Speaking to the media outside, an aunt of Kalola, Laina Nekundi, said she was upset that she and many were not allowed to go inside the courtroom as it was full. "How will we know on what basis the case would be postponed to maybe next year?" she asked.
Nekundi said a memorial for Kalola, who had two children, would be held in Windhoek today, with another in the north tomorrow and his burial to take place on Thursday.
"As family members we are not happy [with] the way they seem to protect him [Nyambe]," said Nekundi, adding that the family was still waiting for an autopsy report and looking for legal advice to see if they will sue the police. Police spokesperson Kauna Shikwambi said in a statement issued on Friday that Kalola had been charged with counts of robbery with aggravating circumstances in two criminal cases which were still pending at the time of his death. Both cases were registered at the Katutura Police Station.
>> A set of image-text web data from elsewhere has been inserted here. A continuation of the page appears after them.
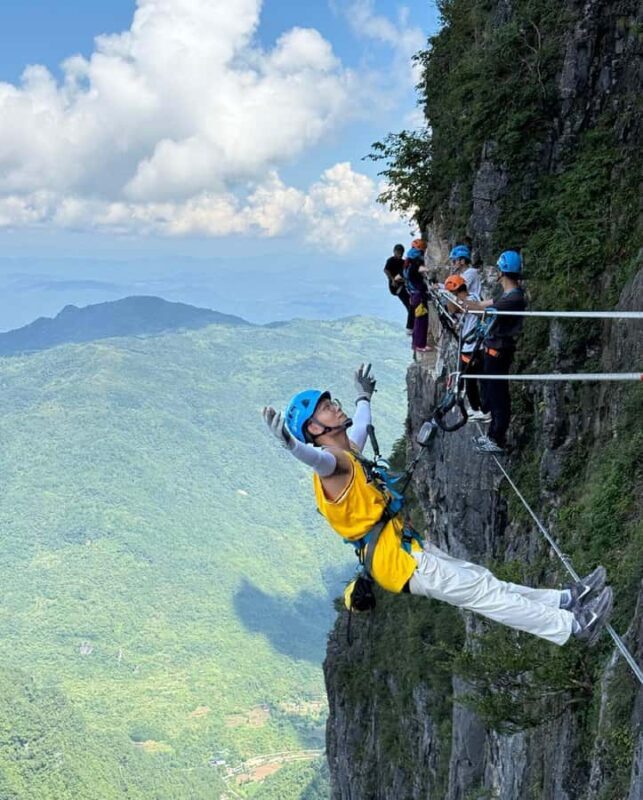 Zhangjiajie: Qixing Mountain & 72 Odd Towers Night Tour - Who is This Tour Best For?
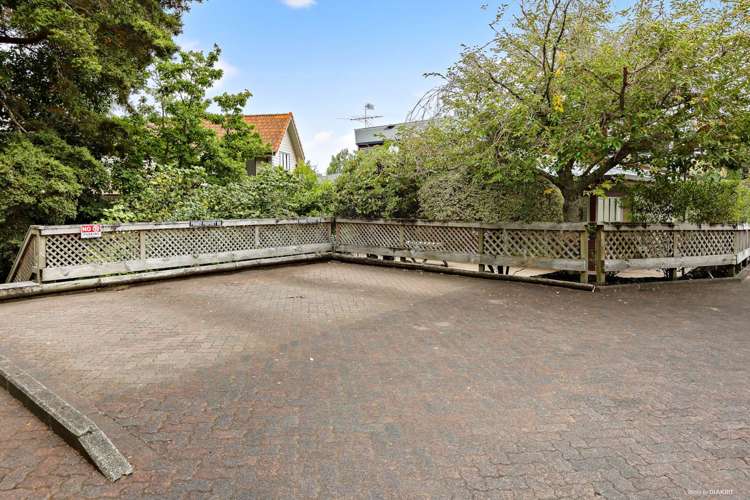 16g Cathedral Place Parnell_25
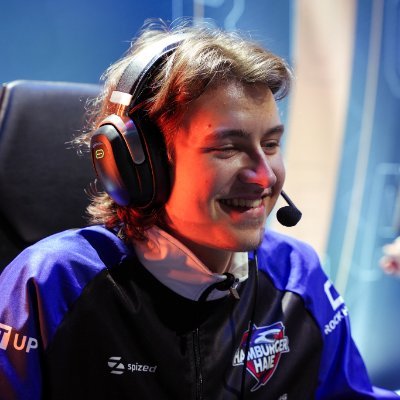 20 y/o Rocket League Player | Twitch Partner | CRL Worlds 2023 Elite | 3x RLCS X Main Event https://t.co/qsLXeRqCmb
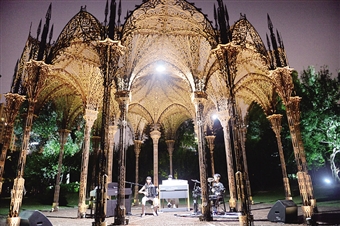 上外静小草坪音乐会绽放雕塑公园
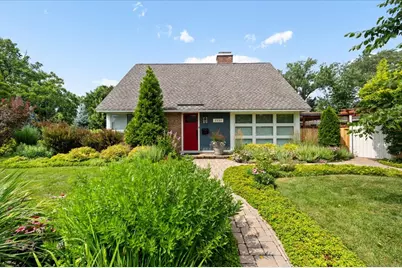 3333 Payne Street, Evanston, IL 60201 - Photo 2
On Sunday, Shikwambi said Kalola also had a case involving a charge of housebreaking with intent to steal and theft, which was registered at Ongwediva in 2017.
"That is the case in which the deceased was wanted. He was out on bail and a warrant for his arrest was issued when he failed to show up for court," said Shikwambi.
Nekundi said Kalola's family did not know about any of the cases, and just read about it in the newspapers. A cousin of Kalola who wanted to remain anonymous addressed the allegations that have been made about Kalola's alleged troubles with the law. "We are grieving, our brother was innocently killed in cold blood, and now we have to deal with the fact that all these cases are coming up and we don't know where they are coming from," he said.
"They are telling us that our brother was an armed robber and a fugitive from 2017. He has been living with us, why did they not come to us if they were looking for him?"
'Operation Kalahari Desert' is a joint effort between the Namibian Police and Namibian Defence Force to fight crime on the streets of Namibia. Although it has been applauded for taking drugs and weapons off the streets, the operation has also caused public outrage because of violence that security force members have used against members of the public.
Ombudsman John Walters yesterday said if police officers and soldiers taking part in the operation have been trained on how to deal with the public and failed to adhere to the training, they must be removed from the streets.
"We claim we fought for peace and we live in peace. I do not see why law enforcement agencies need to be deployed to the streets with lethal weapons. I also do not hear anyone mentioning if any warning shots were fired. Why were they not fired?" he asked.